Task statement: Find the line containing "Number of transactions", then return it and every line after it through the end of the records, exactly. Leave out pictures.

Collected data entries:
- - -

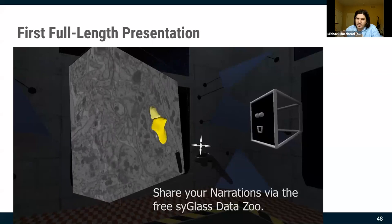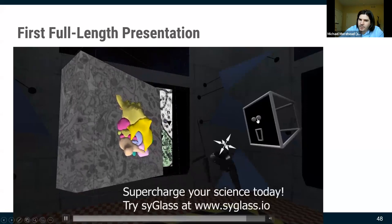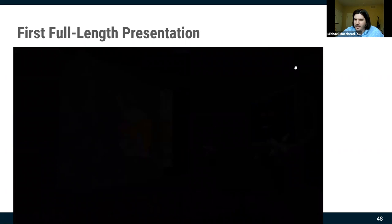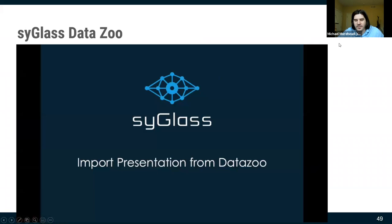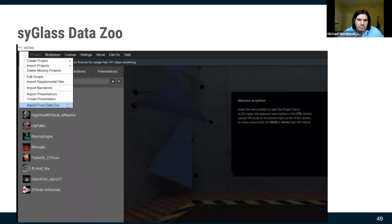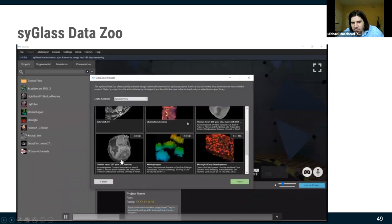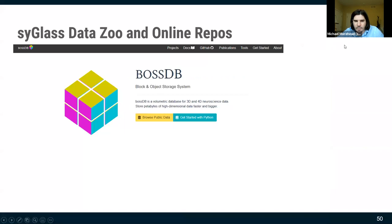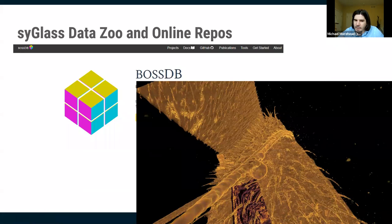You hand someone a narration, they press play, a little avatar comes out and does everything you did and says everything you said. We've also added 2D slides on the walls. Lecturers can make these narrations and share them indefinitely. I've already discussed the Data Zoo for sharing datasets and presentations. We're also working with NIH and Janelia to hook up to their very large databases.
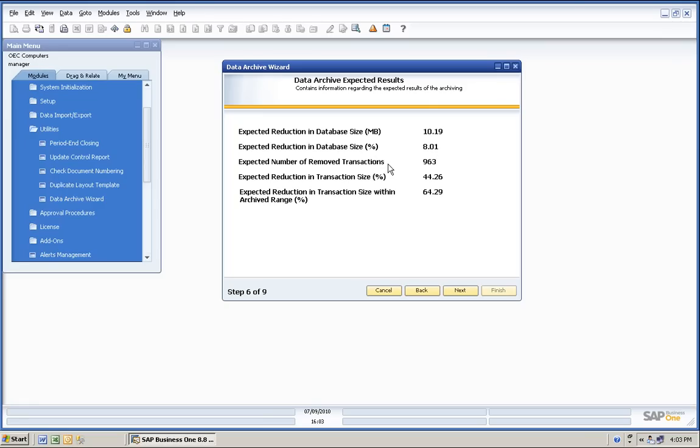Number of transactions that are going to be removed, 963. Reduction in transaction size, 44% less transactions. And expected reduction in transaction size.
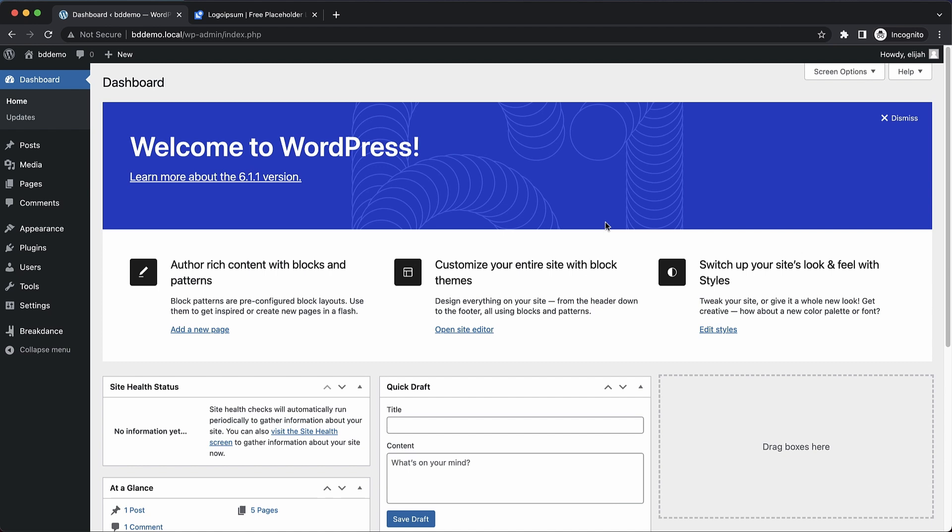Hey, this is Elijah from Breakdance, and in this video, I'm going to show you how to enable SVG uploads on your WordPress site using Breakdance and no other plugins or code snippets.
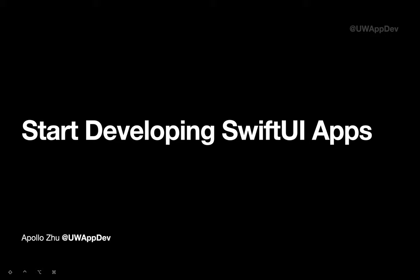Welcome to the first episode of Start Developing SwiftUI Apps by UWAppDev. I'm Apollo from Mobile Development Club at the University of Washington.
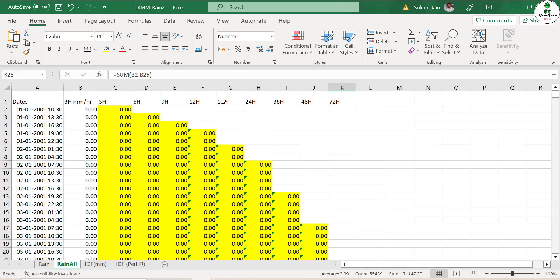We are interested in getting the IDF for up to 72 hours. Make sure this is three-hourly duration, so every duration is a multiple of three. If you are using an hourly dataset, it can be one hour, two hours, every single hour. For a 24-hour rainfall dataset, you would get the IDF curve at 24, 48, 72-hour intervals, etc.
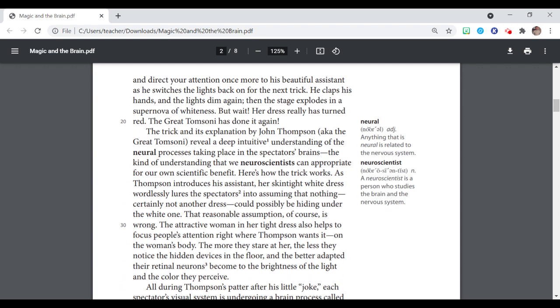Here's how the trick works. As Thompson introduces his assistant, her skin-tight white dress wordlessly lures the spectators into assuming that nothing, certainly not another dress, could possibly be hiding under the white one. That reasonable assumption, of course, is wrong.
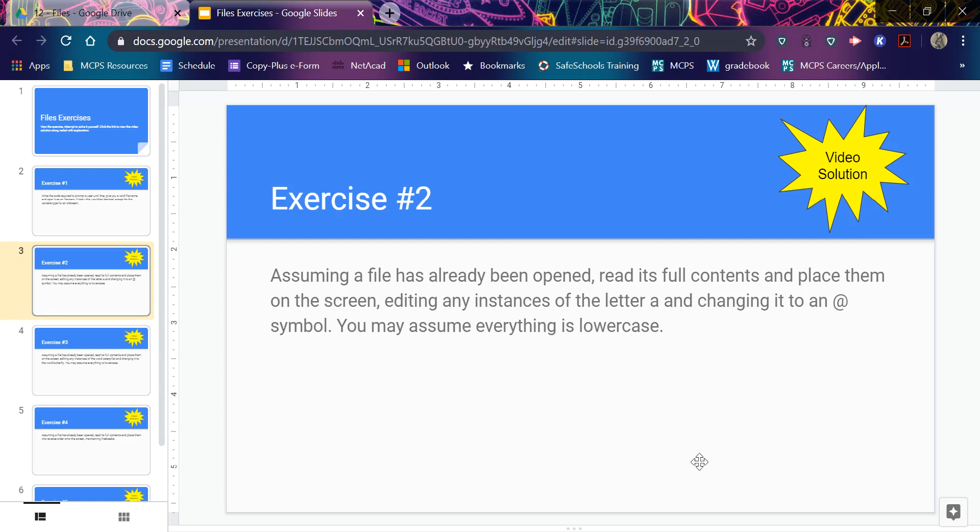So I'm going to open, look in a file, open and access the letters and change each A to an at. And it says I can assume everything's lowercase.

- - -

Solution to this task:
Number of transactions that are going to be removed, 963. Reduction in transaction size, 44% less transactions. And expected reduction in transaction size.
Hey, this is Elijah from Breakdance, and in this video, I'm going to show you how to enable SVG uploads on your WordPress site using Breakdance and no other plugins or code snippets.
Welcome to the first episode of Start Developing SwiftUI Apps by UWAppDev. I'm Apollo from Mobile Development Club at the University of Washington.
We are interested in getting the IDF for up to 72 hours. Make sure this is three-hourly duration, so every duration is a multiple of three. If you are using an hourly dataset, it can be one hour, two hours, every single hour. For a 24-hour rainfall dataset, you would get the IDF curve at 24, 48, 72-hour intervals, etc.
Here's how the trick works. As Thompson introduces his assistant, her skin-tight white dress wordlessly lures the spectators into assuming that nothing, certainly not another dress, could possibly be hiding under the white one. That reasonable assumption, of course, is wrong.
So I'm going to open, look in a file, open and access the letters and change each A to an at. And it says I can assume everything's lowercase.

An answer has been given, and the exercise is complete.